**WHAT THE EXERCISE ASKS**
Please repeat the lines below exactly. Begin with the line containing "Картина по номерам 40x50 Разноцветные зебры" and go on through the line containing "CData Arc - ArcScript".

**DATA LISTING**

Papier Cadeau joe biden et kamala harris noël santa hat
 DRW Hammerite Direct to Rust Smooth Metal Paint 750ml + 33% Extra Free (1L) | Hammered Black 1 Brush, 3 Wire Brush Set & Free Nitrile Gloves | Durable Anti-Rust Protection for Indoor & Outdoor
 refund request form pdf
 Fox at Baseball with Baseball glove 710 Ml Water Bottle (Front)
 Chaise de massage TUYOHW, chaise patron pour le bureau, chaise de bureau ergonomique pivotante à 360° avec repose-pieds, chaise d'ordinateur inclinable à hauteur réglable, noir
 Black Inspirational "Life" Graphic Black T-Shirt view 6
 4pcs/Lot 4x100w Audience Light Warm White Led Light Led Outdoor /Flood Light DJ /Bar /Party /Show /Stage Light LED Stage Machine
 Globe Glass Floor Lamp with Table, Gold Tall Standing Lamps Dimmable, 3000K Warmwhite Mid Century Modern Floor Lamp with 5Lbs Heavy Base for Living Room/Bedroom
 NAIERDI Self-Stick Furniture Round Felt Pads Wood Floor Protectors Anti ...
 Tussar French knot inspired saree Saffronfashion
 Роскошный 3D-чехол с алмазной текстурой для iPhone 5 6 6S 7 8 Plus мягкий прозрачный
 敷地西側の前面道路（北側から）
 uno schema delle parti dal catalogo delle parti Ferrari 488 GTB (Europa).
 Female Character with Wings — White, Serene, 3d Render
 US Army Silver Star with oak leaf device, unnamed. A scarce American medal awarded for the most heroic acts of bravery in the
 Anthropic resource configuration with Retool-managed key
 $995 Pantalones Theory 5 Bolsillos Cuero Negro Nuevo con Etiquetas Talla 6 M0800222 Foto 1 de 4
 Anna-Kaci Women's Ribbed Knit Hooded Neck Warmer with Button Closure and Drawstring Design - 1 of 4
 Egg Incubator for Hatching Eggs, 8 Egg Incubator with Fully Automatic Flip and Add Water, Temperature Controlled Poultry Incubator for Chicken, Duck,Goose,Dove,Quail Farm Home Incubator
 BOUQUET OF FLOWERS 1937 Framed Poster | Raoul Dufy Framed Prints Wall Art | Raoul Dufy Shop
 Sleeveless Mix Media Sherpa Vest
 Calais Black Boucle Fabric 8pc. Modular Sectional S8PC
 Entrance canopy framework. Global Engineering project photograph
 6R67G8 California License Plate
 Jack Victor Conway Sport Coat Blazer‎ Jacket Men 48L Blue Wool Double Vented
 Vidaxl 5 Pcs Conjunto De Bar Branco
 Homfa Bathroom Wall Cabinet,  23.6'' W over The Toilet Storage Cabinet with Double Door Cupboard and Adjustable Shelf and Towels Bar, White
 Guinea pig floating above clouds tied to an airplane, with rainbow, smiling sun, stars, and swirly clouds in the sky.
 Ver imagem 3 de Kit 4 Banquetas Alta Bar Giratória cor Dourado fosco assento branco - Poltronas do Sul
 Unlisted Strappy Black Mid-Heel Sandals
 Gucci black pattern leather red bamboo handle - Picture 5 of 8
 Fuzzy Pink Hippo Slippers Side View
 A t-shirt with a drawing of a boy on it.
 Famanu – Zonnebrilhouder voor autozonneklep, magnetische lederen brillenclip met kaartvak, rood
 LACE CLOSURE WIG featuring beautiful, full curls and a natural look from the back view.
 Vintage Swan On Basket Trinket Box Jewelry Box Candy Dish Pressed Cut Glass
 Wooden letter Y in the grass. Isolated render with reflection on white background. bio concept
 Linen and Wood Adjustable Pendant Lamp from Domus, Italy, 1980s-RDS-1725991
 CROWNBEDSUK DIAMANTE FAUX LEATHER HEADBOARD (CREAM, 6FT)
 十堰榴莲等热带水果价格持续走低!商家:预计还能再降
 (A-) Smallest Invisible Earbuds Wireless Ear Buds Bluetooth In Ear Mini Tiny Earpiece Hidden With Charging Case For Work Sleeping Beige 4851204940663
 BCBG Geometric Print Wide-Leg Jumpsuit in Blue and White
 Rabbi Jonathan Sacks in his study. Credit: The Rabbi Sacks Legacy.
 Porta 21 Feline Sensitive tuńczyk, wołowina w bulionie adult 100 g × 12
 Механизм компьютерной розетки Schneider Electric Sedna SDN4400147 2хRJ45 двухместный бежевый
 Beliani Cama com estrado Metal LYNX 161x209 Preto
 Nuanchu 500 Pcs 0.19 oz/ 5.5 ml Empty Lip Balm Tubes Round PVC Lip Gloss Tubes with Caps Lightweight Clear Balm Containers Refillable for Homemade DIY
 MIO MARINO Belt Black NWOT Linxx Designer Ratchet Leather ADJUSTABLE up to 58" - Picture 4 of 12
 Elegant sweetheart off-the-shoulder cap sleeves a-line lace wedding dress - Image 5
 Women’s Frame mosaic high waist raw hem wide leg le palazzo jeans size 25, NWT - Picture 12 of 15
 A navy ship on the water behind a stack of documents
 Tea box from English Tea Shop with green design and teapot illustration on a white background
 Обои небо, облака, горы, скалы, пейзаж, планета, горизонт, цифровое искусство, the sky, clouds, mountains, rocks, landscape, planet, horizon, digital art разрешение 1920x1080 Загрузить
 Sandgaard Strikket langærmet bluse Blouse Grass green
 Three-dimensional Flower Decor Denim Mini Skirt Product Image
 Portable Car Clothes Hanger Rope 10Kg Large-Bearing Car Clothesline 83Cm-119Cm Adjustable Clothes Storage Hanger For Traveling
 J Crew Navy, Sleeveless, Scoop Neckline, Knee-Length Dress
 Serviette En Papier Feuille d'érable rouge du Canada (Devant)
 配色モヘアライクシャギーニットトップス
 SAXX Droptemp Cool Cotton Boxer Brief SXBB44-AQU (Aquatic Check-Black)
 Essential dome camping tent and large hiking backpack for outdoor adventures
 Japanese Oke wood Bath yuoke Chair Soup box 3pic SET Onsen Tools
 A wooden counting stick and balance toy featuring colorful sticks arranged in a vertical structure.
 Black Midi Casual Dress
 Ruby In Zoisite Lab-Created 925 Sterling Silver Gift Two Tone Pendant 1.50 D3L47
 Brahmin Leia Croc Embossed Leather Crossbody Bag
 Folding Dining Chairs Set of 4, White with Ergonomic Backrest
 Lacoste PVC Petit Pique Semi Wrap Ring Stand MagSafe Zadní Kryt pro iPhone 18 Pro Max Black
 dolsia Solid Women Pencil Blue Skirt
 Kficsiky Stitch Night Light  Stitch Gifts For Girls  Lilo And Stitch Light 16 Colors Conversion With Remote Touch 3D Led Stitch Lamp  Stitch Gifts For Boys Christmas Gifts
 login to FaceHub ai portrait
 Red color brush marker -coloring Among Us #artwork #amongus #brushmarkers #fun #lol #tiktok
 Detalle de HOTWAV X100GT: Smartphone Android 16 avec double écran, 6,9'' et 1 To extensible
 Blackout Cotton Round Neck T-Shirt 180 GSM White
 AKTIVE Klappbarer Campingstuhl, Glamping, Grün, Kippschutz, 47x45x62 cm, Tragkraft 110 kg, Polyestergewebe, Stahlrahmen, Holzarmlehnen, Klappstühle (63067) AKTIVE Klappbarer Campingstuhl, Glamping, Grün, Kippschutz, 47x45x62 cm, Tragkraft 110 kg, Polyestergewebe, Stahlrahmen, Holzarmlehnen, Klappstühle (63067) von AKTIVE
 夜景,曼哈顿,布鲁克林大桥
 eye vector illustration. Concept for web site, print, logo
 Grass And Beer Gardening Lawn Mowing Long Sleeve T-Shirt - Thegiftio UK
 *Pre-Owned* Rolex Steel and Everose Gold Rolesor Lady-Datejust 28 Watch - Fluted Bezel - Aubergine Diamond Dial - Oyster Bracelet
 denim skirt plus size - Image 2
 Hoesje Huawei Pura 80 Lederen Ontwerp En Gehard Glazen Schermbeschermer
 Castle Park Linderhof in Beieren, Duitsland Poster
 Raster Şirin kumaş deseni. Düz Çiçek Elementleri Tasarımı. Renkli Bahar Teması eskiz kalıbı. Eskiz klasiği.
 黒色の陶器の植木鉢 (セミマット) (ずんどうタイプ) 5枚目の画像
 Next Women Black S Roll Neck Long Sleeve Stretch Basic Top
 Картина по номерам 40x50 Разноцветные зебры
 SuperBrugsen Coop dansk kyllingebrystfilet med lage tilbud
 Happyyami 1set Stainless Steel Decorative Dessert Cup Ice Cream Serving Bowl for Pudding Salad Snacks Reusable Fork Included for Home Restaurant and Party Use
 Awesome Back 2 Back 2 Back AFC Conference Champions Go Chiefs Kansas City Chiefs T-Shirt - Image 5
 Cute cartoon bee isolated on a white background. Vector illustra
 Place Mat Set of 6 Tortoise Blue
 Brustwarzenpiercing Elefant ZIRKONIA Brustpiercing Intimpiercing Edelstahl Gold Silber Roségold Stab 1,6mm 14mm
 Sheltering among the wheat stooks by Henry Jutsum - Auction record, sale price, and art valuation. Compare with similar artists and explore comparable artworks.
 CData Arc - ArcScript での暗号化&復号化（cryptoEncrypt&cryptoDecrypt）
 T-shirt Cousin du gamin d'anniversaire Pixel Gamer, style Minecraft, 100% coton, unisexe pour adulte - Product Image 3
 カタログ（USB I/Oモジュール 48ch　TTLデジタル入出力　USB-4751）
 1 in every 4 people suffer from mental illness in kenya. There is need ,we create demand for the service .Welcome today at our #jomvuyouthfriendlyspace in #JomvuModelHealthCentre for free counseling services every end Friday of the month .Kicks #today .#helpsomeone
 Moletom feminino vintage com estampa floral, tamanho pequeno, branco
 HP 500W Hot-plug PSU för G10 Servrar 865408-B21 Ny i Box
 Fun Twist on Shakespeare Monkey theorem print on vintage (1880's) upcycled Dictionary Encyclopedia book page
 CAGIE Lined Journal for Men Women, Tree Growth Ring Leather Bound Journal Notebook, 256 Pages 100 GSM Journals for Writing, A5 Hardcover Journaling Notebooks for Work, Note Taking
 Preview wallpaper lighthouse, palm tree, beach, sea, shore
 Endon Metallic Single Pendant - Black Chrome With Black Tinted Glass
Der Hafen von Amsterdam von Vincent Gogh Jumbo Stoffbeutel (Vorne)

**SOLUTION TO THIS TASK**
 Картина по номерам 40x50 Разноцветные зебры
 SuperBrugsen Coop dansk kyllingebrystfilet med lage tilbud
 Happyyami 1set Stainless Steel Decorative Dessert Cup Ice Cream Serving Bowl for Pudding Salad Snacks Reusable Fork Included for Home Restaurant and Party Use
 Awesome Back 2 Back 2 Back AFC Conference Champions Go Chiefs Kansas City Chiefs T-Shirt - Image 5
 Cute cartoon bee isolated on a white background. Vector illustra
 Place Mat Set of 6 Tortoise Blue
 Brustwarzenpiercing Elefant ZIRKONIA Brustpiercing Intimpiercing Edelstahl Gold Silber Roségold Stab 1,6mm 14mm
 Sheltering among the wheat stooks by Henry Jutsum - Auction record, sale price, and art valuation. Compare with similar artists and explore comparable artworks.
 CData Arc - ArcScript での暗号化&復号化（cryptoEncrypt&cryptoDecrypt）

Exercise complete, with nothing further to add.